OBJECTIVES: Electronic Health Record (EHR) data on the pharmacological management of different Interstitial Lung Disease (ILD) types is not routinely available and the difficulty in distinguishing and characterising different ILD types introduces further discrepancies in EHR coded data. We established a fully remote registry to address EHR data limitations in studying clinical practice variations in ILD, by allowing real-time data sharing through integration of EHR and electronic Patient Reported Outcomes (ePRO) data.

METHODS: Potential participants are identified using primary care provider EHR and invited by text to join the AccessILD (AILD) registry via a study portal weblink. Enrolled patients were sent an ePRO survey to trace their pharmacological treatment pathways since diagnosis and responses were integrated with patients’ existing EHRs.

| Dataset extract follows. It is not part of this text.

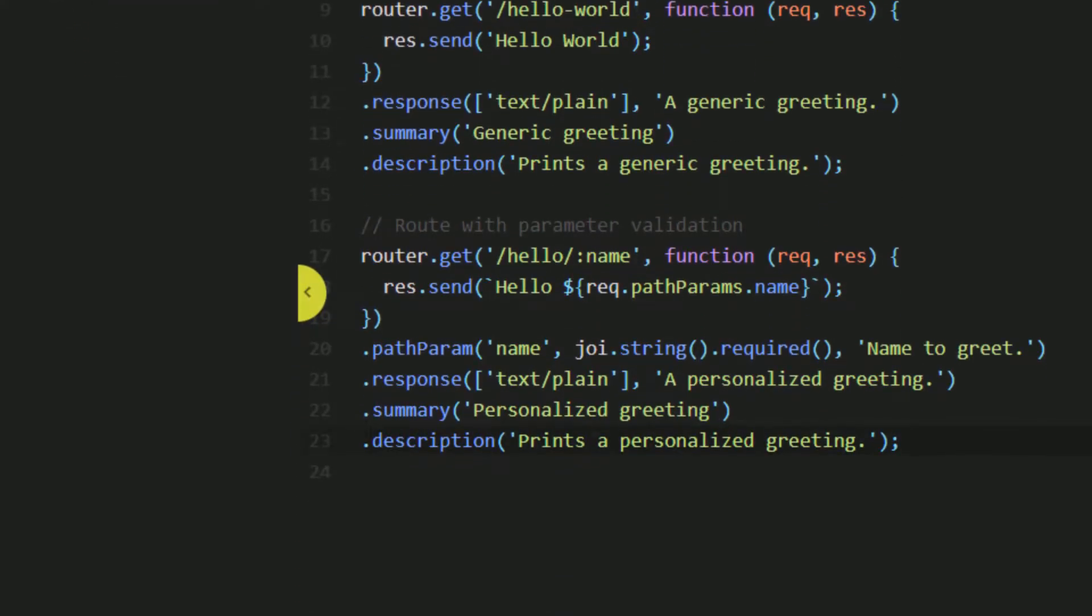We now know how to take in parameters, validate them, and how to install and upgrade a service. However, our current endpoints don't actually access the database. They simply just send a response.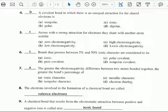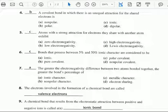So in this question, we're being asked about strong attraction. If electronegativity is the measure to which that attraction occurs, a strong attraction would be high electronegativity. So the correct answer would be C.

RESULTS: 355 patients from 144 UK primary care practices joined AILD and 249 completed the ePRO survey; 36% have Idiopathic Pulmonary Fibrosis (IPF) and 64% have non-IPF ILD, including “systemic disease with lung involvement” (21%), “occupational/environmental” (6%), “drug-induced” (3%) and “other” (34%) ILD types. Average patient age is 69.2 years and average time since diagnosis is ±7.8 years. 62% of patients are treated at a “non-specialist hospital”, 15% at a “specialist center” and 8% at a “GP practice”. 61% of patients don’t take any medication for ILD, 15% take immunosuppressants, 13% antifibrotics and 21% oral corticosteroids, while 7% of IPF patients report concomitant use of corticosteroid and antifibrotic therapy. Antifibrotics are primarily taken by IPF patients (88%), although use in “drug-induced” (3%) and “other” ILDs (9%) is also reported.

CONCLUSIONS: Discrepancies exist between different care settings in the pharmacological management pathways for ILD. As antifibrotics are being deployed among an increasingly broader ILD patient population, remote, interactive registries in ILD can be particularly useful in capturing and bridging evidence-practice gaps at the population-level and improving our understanding of treatment pathways within ILD patient populations.